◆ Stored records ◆
_____
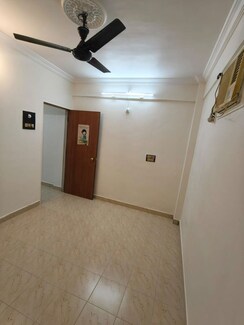 1 BHK Apartment For Rent in Golden Palace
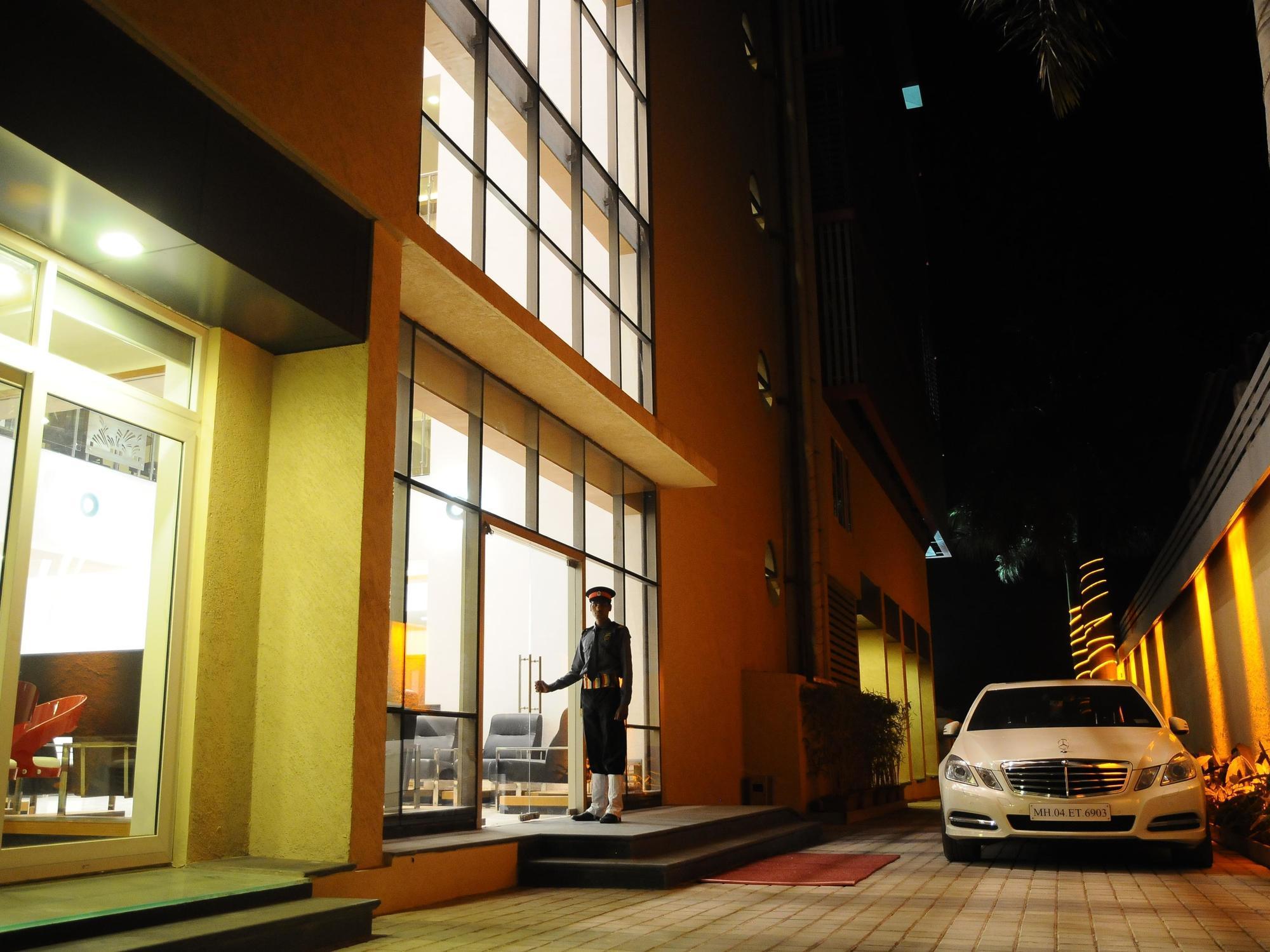 โรงแรมไฮ 5 นาสิก ภายนอก รูปภาพ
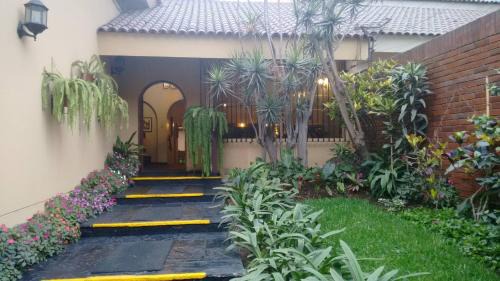 Santiago de Surco Bed & Breakfast | Villas Del Sol Bed & Breakfast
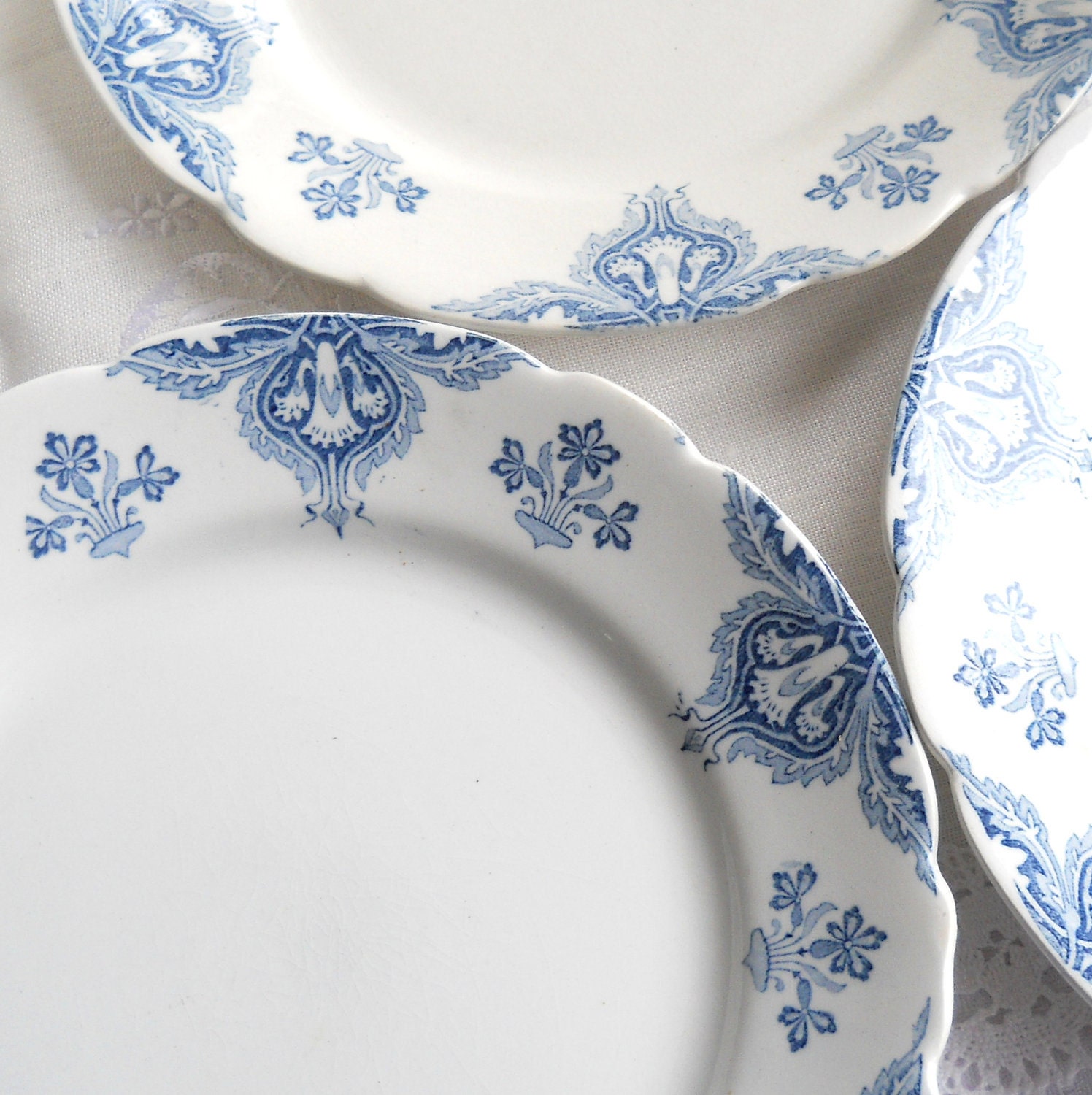 antique-french-plates-french-plates-blue-french-plates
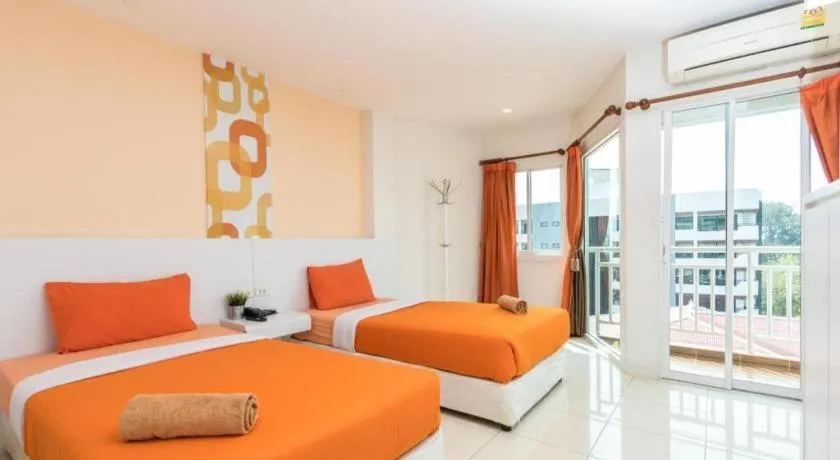 Bed in Nana Chat Bangsaen Hotel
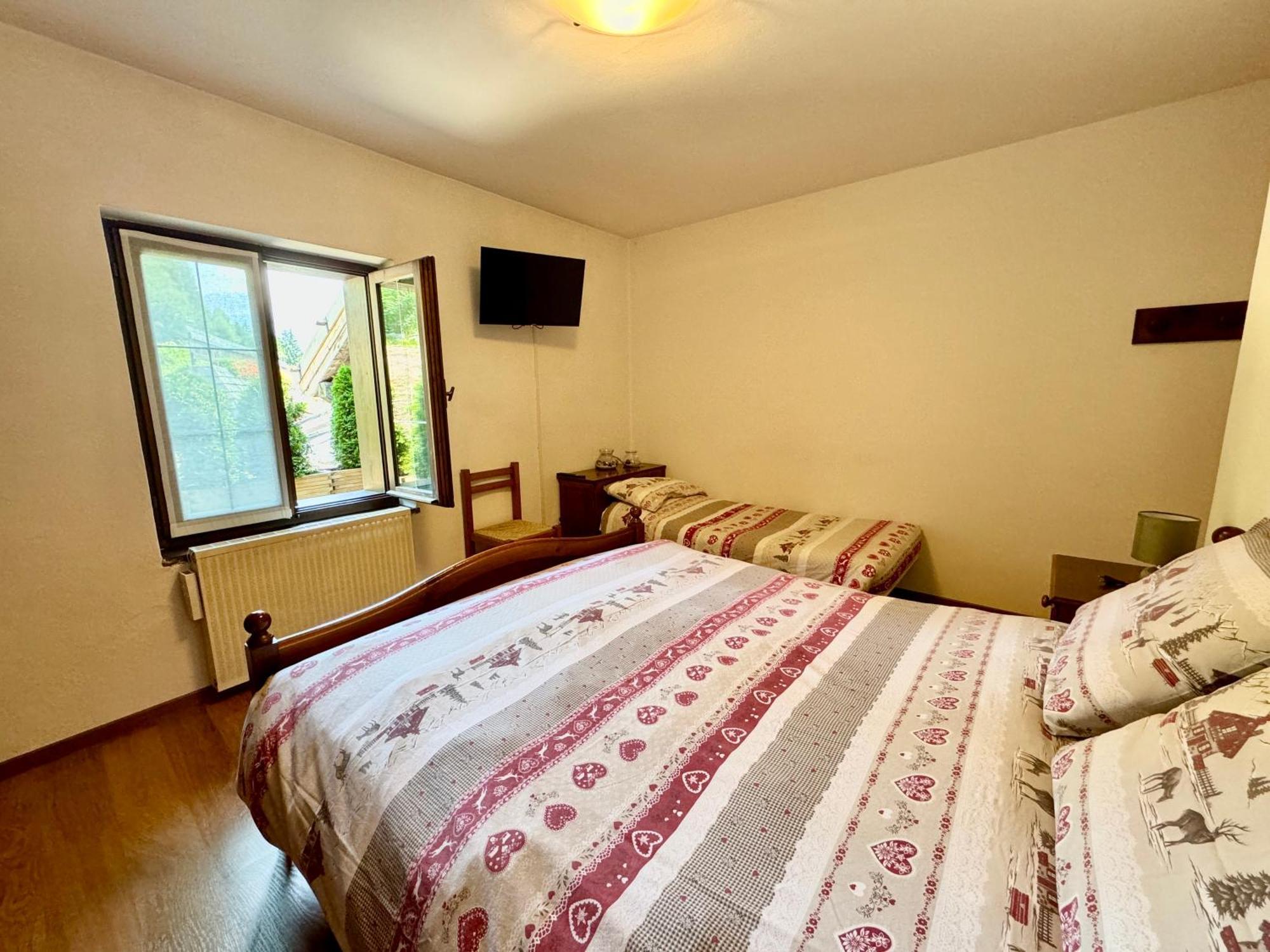 Albergo Ristorante Al Frate Da Streza Madonna di Campiglio Luaran gambar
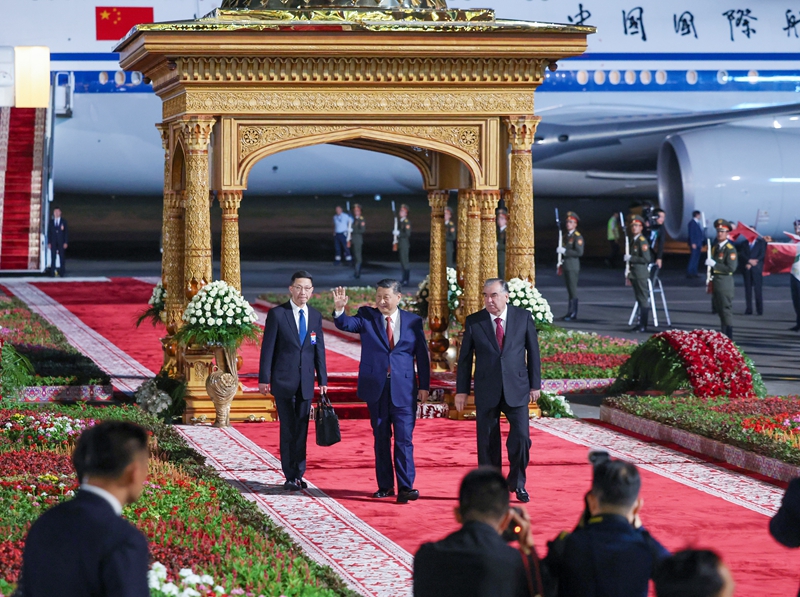 习近平抵达杜尚别开始对塔吉克斯坦进行国事访问「相关图片」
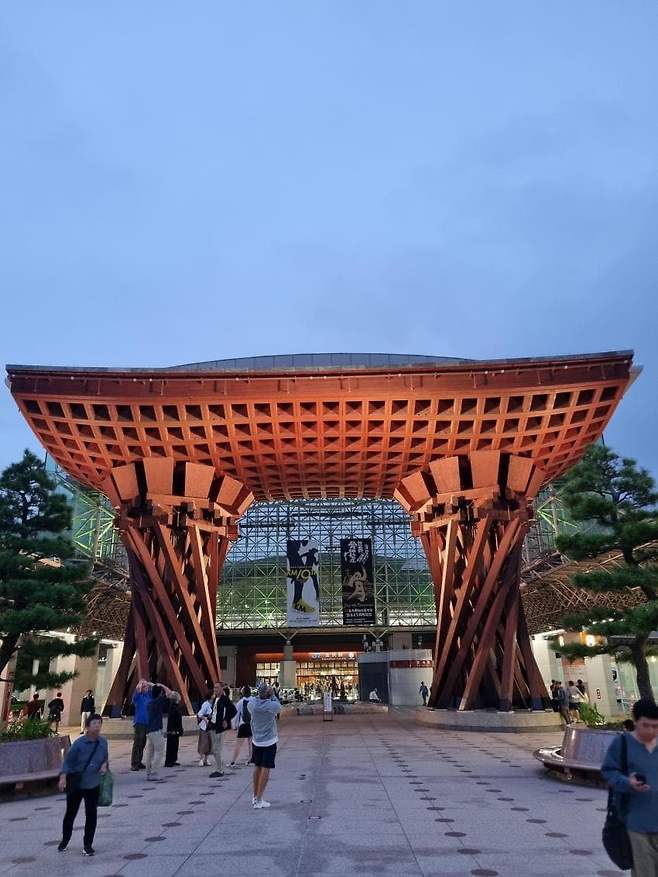 7fed8272b48268f451ee81e146857373ce8c1880bedab4288fa768d375f321ed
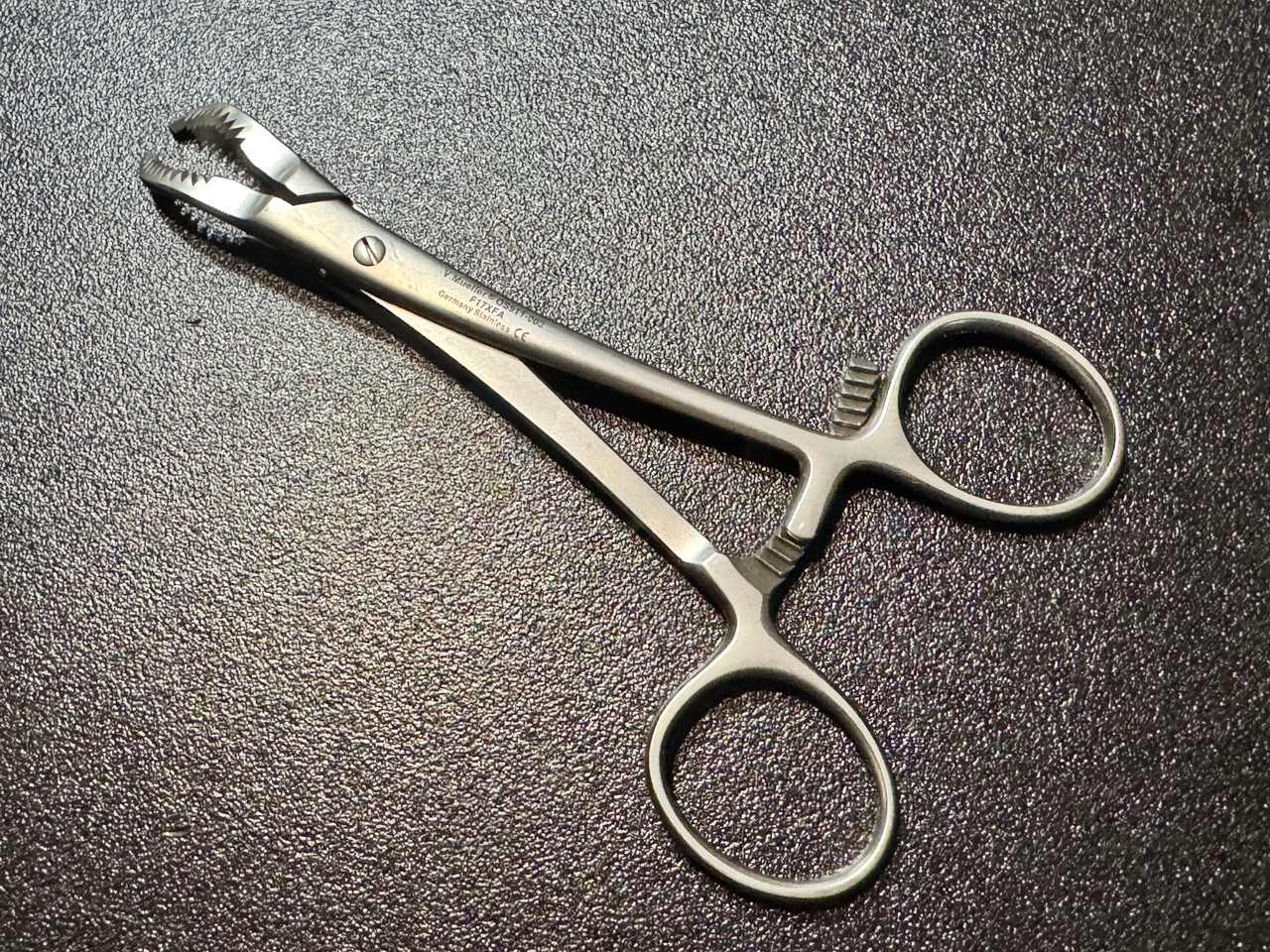 Handle photo of V. Mueller OS911-003 Lobster Claw Reduction Forceps, 5.5"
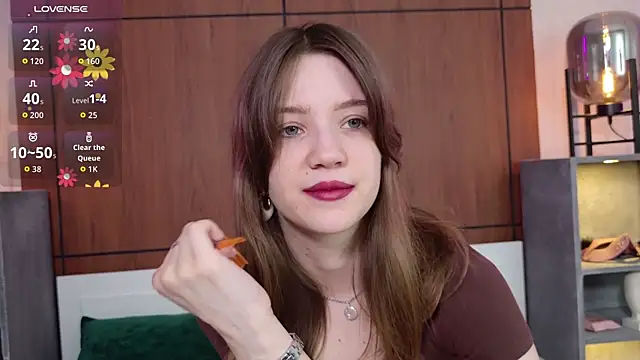 Snapshot of Alison_kisss chatting on July 17, 9:41 pm Alison kisss online show from July 17, 9:41 pm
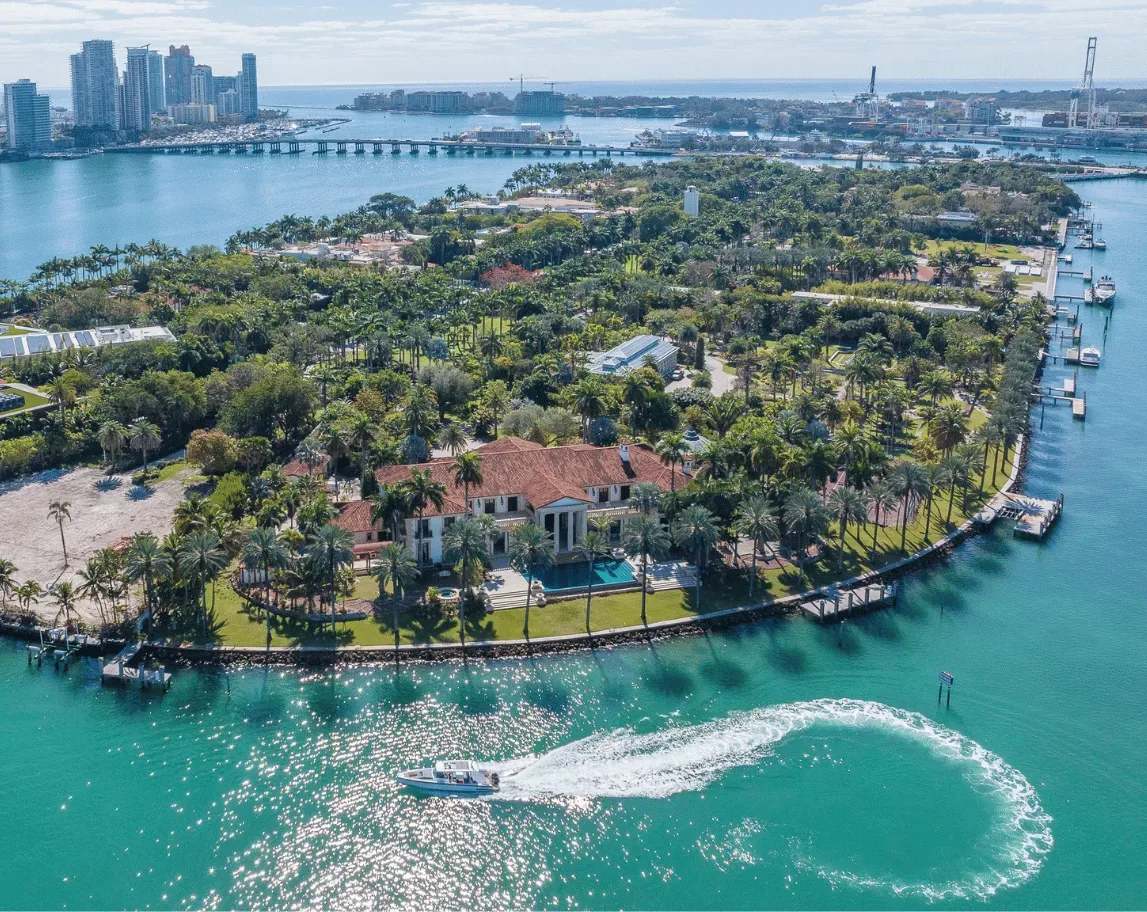 Private yacht tour Miami at golden hour Biscayne Bay sightseeing cruise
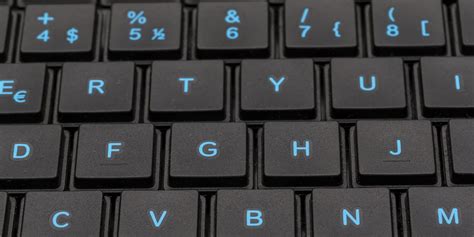 How To Switch To Alternate Keyboard Layouts In Windows 10
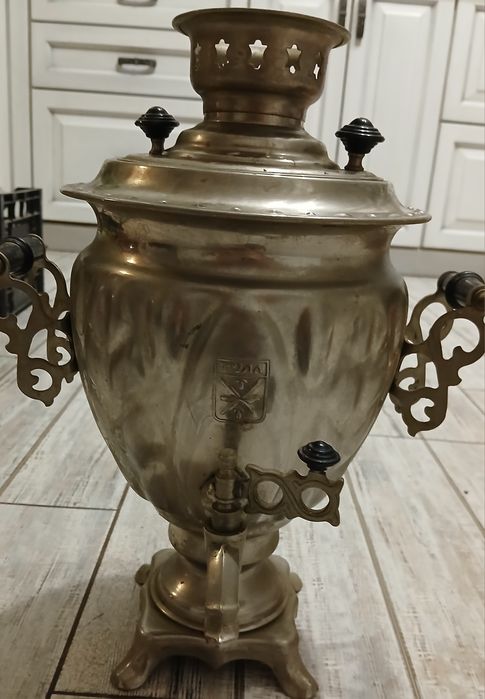 Аксесуари до радіоапаратури, самовар
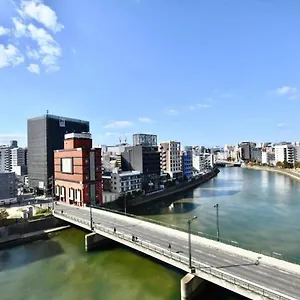 Riverside Hakata 아파트
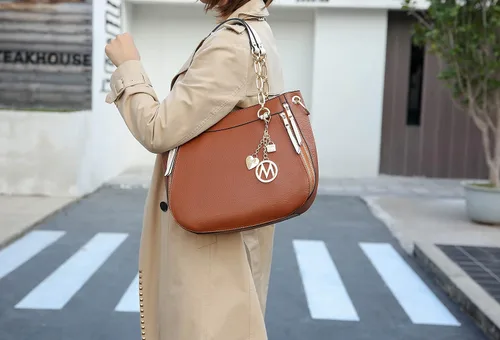 Vista 2 de MKF Collection Bolso de mano con cartera de muñeca, bolso cruzado de cuero vegano para mujer, L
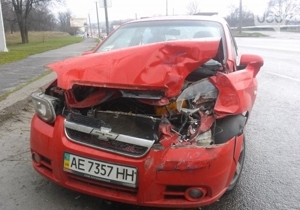 �� ����� ����������� ��������� Mercedes-Benz ����������� � Chevrolet Aveo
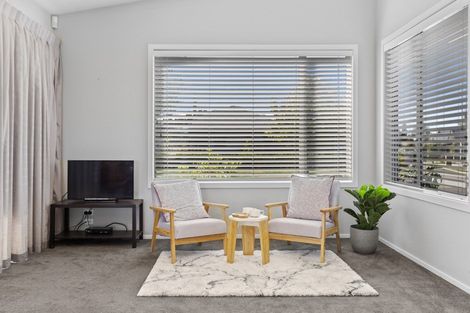 Photo of property in 19 Noumea Drive, Rangatira Park, Taupo, 3330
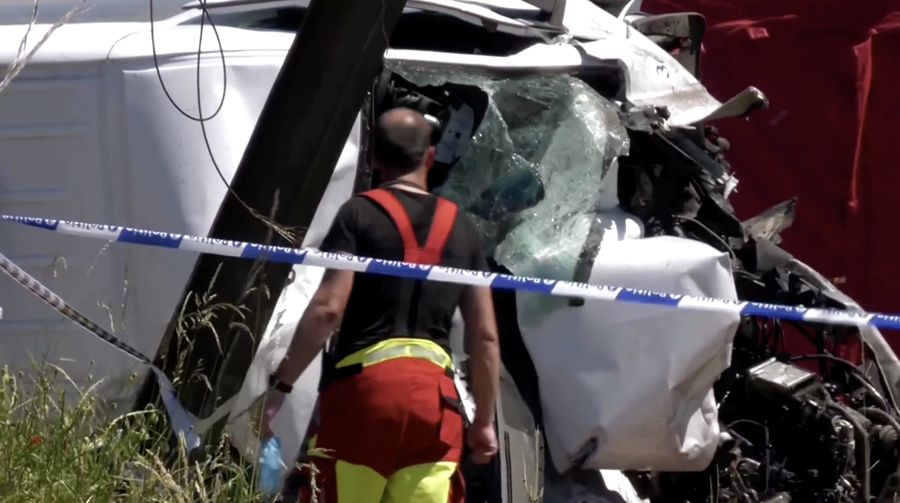 Tim penyelamat memandang bus sekolah nan rusak usai tertabrak kereta di sebuah perlintasan rel di wilayah Flanders utara, Beglia Selasa (26/5/2026) pagi waktu setempat.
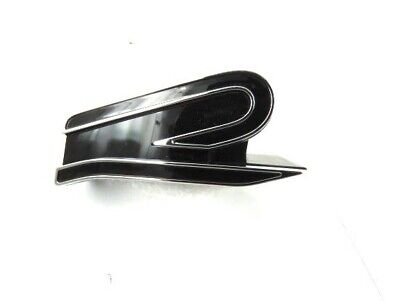 Volkswagen Taigo r-line grill embleem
_____
◆ Task description ◆
Transcribe exactly, and only, the lines from the one containing "Аксесуари до радіоапаратури, самовар" through the last line of the records above, both included; leave out the pictures.

◆ Exercise response ◆
 Аксесуари до радіоапаратури, самовар
 Riverside Hakata 아파트
 Vista 2 de MKF Collection Bolso de mano con cartera de muñeca, bolso cruzado de cuero vegano para mujer, L
 �� ����� ����������� ��������� Mercedes-Benz ����������� � Chevrolet Aveo
 Photo of property in 19 Noumea Drive, Rangatira Park, Taupo, 3330
 Tim penyelamat memandang bus sekolah nan rusak usai tertabrak kereta di sebuah perlintasan rel di wilayah Flanders utara, Beglia Selasa (26/5/2026) pagi waktu setempat.
 Volkswagen Taigo r-line grill embleem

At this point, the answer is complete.